** Opening The data block **

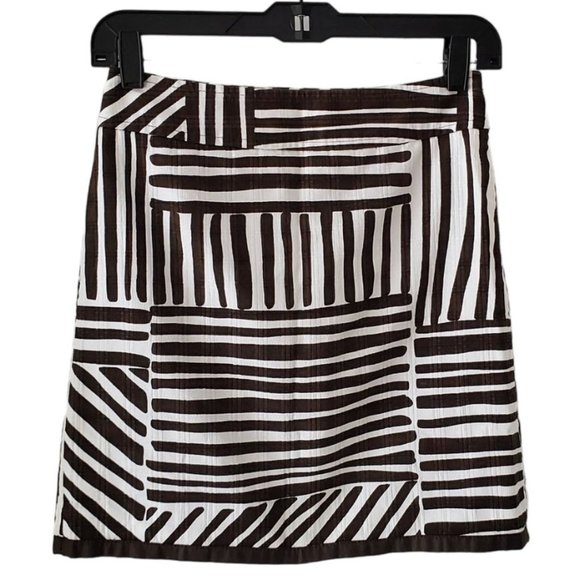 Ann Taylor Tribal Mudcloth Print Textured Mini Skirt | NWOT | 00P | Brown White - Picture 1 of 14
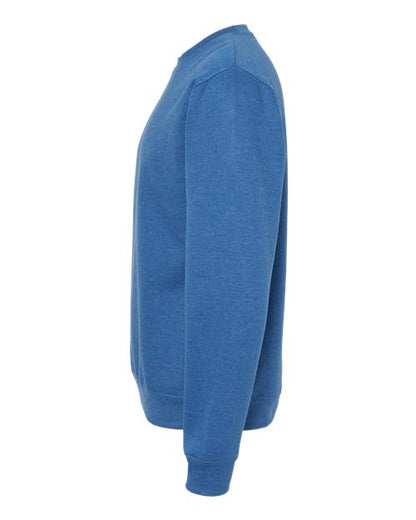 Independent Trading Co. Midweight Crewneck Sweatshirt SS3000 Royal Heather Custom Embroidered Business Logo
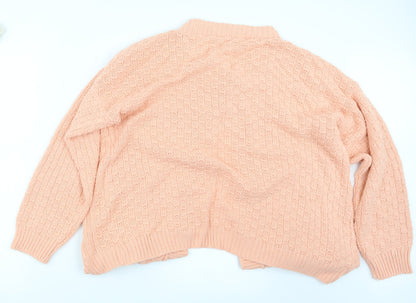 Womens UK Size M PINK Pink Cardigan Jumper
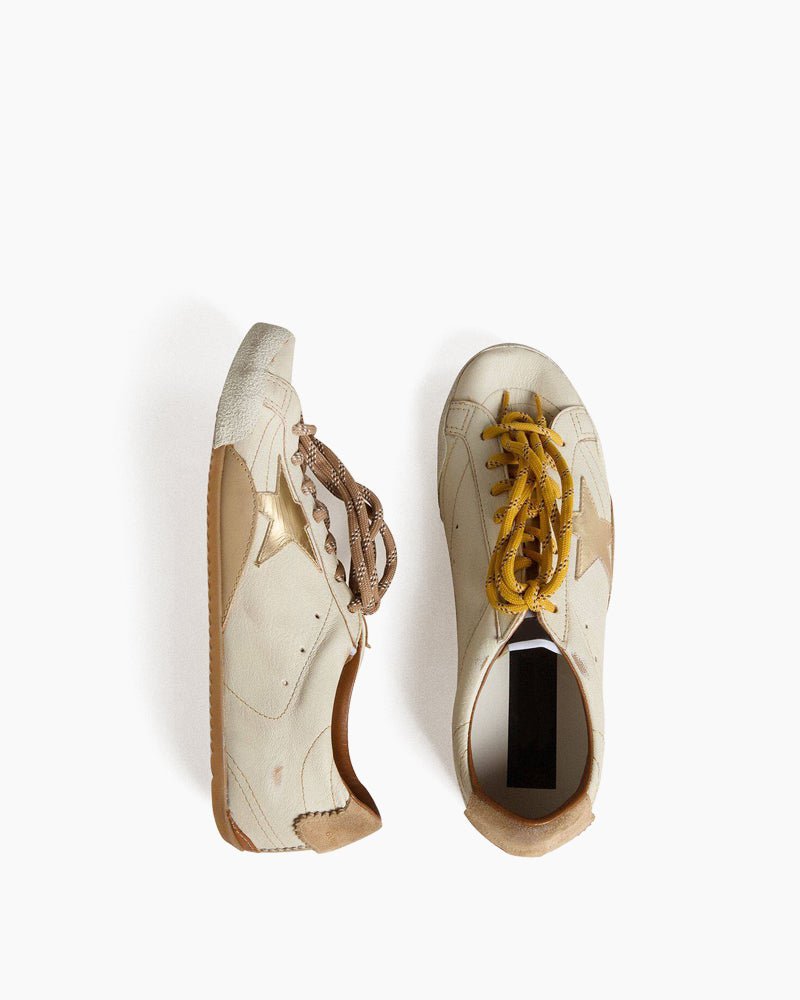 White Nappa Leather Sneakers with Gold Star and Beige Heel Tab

** Closing The data block **

# What to work on
Each line of the data must be restated exactly, and the pictures must be left out.

# Exercise result
 Ann Taylor Tribal Mudcloth Print Textured Mini Skirt | NWOT | 00P | Brown White - Picture 1 of 14
 Independent Trading Co. Midweight Crewneck Sweatshirt SS3000 Royal Heather Custom Embroidered Business Logo
 Womens UK Size M PINK Pink Cardigan Jumper
 White Nappa Leather Sneakers with Gold Star and Beige Heel Tab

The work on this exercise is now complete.